*WHAT THE EXERCISE ASKS*:
Copy the records below word for word. Stop after the line that contains "Factory Floorpan Fit".

Stored entries

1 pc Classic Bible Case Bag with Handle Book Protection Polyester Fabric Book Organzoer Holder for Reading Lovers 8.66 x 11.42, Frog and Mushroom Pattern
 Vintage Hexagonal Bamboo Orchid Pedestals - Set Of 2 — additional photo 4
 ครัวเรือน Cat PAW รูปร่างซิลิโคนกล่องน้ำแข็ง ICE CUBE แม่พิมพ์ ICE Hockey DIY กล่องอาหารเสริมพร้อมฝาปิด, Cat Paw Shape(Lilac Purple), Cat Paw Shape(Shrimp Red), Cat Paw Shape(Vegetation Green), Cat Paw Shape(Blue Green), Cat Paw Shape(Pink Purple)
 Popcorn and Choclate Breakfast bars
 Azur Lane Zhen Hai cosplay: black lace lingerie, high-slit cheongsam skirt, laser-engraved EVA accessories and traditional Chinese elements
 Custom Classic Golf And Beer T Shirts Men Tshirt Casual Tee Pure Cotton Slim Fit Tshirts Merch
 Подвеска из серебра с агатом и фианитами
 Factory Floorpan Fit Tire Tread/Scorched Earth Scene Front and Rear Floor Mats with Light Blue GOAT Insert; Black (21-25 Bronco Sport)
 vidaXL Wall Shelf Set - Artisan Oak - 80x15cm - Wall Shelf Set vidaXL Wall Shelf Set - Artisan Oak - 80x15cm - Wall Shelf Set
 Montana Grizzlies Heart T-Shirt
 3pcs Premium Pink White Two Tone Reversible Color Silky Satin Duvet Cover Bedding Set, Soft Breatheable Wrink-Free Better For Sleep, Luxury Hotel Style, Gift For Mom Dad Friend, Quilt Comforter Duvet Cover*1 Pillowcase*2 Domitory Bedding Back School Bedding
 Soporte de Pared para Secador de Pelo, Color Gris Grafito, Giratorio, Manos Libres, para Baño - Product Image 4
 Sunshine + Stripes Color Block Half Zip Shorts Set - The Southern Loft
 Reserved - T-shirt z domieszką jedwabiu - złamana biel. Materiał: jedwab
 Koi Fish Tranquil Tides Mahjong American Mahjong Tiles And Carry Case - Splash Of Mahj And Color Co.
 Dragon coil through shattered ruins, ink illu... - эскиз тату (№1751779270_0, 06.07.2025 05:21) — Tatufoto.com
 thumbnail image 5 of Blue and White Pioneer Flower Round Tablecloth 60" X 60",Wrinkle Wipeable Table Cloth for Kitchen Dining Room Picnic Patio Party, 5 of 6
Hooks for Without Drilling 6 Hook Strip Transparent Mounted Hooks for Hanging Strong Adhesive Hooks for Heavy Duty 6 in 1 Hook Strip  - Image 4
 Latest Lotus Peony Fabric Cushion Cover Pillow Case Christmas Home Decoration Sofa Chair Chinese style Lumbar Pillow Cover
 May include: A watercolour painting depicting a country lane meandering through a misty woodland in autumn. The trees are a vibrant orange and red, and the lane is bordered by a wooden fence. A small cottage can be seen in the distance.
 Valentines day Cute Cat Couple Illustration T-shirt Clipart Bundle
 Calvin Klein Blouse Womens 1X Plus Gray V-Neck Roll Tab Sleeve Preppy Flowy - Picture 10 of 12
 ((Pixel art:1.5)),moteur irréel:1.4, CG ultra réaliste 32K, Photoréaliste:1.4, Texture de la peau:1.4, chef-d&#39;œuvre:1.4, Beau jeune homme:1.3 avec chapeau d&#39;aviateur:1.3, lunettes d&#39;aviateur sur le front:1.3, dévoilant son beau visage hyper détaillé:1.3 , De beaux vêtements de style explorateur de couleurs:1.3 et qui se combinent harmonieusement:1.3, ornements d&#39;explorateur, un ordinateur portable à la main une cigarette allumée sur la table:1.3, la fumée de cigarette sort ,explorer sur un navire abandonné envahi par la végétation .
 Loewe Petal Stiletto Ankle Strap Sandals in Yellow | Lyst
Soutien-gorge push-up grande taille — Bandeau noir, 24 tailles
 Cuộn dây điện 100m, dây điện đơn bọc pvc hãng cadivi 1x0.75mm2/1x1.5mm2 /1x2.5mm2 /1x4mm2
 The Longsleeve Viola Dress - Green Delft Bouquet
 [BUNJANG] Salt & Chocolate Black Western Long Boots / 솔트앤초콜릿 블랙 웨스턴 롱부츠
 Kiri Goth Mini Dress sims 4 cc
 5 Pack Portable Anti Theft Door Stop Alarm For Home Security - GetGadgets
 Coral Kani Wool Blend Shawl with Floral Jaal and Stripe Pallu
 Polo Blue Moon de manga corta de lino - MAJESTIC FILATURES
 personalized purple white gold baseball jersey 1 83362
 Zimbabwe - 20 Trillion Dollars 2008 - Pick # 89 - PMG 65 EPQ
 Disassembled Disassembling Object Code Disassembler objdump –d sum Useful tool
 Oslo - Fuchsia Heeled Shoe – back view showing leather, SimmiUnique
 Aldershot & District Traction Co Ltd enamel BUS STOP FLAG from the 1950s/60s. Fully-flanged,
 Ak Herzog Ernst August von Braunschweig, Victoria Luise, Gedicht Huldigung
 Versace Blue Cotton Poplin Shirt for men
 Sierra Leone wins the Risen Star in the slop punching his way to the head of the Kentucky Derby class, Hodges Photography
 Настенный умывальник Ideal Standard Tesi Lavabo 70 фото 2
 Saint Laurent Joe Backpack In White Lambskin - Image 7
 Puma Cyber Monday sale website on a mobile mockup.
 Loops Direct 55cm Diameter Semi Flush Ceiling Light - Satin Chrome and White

*EXPECTED OUTPUT*:
1 pc Classic Bible Case Bag with Handle Book Protection Polyester Fabric Book Organzoer Holder for Reading Lovers 8.66 x 11.42, Frog and Mushroom Pattern
 Vintage Hexagonal Bamboo Orchid Pedestals - Set Of 2 — additional photo 4
 ครัวเรือน Cat PAW รูปร่างซิลิโคนกล่องน้ำแข็ง ICE CUBE แม่พิมพ์ ICE Hockey DIY กล่องอาหารเสริมพร้อมฝาปิด, Cat Paw Shape(Lilac Purple), Cat Paw Shape(Shrimp Red), Cat Paw Shape(Vegetation Green), Cat Paw Shape(Blue Green), Cat Paw Shape(Pink Purple)
 Popcorn and Choclate Breakfast bars
 Azur Lane Zhen Hai cosplay: black lace lingerie, high-slit cheongsam skirt, laser-engraved EVA accessories and traditional Chinese elements
 Custom Classic Golf And Beer T Shirts Men Tshirt Casual Tee Pure Cotton Slim Fit Tshirts Merch
 Подвеска из серебра с агатом и фианитами
 Factory Floorpan Fit Tire Tread/Scorched Earth Scene Front and Rear Floor Mats with Light Blue GOAT Insert; Black (21-25 Bronco Sport)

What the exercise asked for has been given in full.